··· Entries shown ···

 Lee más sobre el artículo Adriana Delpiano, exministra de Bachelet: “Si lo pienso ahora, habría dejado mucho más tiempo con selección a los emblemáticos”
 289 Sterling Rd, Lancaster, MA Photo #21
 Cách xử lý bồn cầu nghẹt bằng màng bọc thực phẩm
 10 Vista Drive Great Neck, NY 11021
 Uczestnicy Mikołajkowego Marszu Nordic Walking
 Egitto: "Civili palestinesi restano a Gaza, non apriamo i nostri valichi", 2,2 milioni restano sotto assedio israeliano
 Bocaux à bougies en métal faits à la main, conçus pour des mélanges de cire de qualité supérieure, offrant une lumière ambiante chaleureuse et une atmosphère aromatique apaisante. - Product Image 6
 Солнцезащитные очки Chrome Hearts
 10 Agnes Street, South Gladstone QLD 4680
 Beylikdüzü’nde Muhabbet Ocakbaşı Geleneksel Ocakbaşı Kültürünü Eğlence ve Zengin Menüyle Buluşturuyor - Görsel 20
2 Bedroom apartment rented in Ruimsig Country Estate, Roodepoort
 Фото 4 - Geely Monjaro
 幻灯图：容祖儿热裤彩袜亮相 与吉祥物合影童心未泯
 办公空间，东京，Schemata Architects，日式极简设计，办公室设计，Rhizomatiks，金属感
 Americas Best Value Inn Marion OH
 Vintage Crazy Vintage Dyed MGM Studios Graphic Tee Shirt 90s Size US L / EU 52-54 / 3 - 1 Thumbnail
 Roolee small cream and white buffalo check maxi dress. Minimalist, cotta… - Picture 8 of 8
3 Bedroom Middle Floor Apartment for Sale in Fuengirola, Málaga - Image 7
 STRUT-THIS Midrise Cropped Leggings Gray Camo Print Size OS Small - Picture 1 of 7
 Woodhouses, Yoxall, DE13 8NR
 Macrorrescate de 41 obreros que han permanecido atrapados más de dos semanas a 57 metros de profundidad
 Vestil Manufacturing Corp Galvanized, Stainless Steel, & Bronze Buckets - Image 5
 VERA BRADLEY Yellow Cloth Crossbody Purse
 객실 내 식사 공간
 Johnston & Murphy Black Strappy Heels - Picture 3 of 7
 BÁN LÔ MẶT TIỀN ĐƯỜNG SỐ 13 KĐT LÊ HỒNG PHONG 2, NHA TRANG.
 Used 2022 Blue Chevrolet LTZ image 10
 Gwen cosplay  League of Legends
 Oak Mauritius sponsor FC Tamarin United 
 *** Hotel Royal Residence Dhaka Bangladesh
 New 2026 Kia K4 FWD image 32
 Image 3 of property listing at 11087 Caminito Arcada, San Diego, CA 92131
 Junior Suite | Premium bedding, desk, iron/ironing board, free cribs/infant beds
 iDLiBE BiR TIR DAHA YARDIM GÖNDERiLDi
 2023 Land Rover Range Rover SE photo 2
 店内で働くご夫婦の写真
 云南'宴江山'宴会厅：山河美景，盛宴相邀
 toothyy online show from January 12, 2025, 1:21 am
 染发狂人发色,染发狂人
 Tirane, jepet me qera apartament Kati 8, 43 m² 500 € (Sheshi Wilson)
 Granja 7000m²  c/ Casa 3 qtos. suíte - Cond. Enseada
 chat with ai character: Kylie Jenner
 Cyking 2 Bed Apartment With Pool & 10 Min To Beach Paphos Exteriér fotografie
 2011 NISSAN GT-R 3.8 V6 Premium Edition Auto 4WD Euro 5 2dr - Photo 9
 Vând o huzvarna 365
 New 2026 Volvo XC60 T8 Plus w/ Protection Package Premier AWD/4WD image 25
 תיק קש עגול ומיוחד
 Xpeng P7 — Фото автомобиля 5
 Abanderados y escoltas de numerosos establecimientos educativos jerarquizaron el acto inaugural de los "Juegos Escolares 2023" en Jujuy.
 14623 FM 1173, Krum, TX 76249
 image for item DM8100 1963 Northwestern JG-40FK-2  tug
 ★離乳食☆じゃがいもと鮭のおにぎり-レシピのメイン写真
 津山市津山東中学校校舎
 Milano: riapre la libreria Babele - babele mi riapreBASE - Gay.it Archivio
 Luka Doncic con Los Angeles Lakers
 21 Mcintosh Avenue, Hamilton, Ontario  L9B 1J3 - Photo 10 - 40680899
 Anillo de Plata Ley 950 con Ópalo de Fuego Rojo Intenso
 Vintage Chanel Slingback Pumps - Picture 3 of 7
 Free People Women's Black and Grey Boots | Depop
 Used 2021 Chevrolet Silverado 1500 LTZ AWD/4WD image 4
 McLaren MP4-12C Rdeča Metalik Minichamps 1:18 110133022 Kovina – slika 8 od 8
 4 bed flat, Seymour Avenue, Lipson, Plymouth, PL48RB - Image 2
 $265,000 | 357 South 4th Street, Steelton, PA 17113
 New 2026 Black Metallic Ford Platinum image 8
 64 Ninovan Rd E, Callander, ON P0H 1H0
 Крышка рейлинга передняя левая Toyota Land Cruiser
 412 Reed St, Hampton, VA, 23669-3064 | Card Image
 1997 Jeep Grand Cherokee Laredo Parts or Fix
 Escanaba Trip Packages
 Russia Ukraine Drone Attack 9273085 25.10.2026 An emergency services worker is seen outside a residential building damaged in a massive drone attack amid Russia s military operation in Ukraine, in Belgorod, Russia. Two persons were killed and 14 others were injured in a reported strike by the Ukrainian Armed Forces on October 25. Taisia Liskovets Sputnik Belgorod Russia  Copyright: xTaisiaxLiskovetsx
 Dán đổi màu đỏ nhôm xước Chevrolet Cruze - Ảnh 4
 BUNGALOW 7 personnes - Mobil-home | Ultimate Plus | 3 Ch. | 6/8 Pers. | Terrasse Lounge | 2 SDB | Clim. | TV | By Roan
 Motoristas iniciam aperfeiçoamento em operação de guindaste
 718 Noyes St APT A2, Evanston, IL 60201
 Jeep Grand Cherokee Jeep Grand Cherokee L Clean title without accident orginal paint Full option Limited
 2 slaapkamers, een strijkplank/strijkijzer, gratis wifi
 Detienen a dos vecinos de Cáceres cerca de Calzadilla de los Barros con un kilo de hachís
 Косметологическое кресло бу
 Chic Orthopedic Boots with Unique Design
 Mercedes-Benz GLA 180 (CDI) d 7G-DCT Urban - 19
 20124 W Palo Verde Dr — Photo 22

···

▶ Task to complete: From the entries above, print the lines beginning at the one with "办公空间，东京，Schema" and stopping after the one with "Roolee small cream", exactly as written and with nothing else.

▶ Response box:
 办公空间，东京，Schemata Architects，日式极简设计，办公室设计，Rhizomatiks，金属感
 Americas Best Value Inn Marion OH
 Vintage Crazy Vintage Dyed MGM Studios Graphic Tee Shirt 90s Size US L / EU 52-54 / 3 - 1 Thumbnail
 Roolee small cream and white buffalo check maxi dress. Minimalist, cotta… - Picture 8 of 8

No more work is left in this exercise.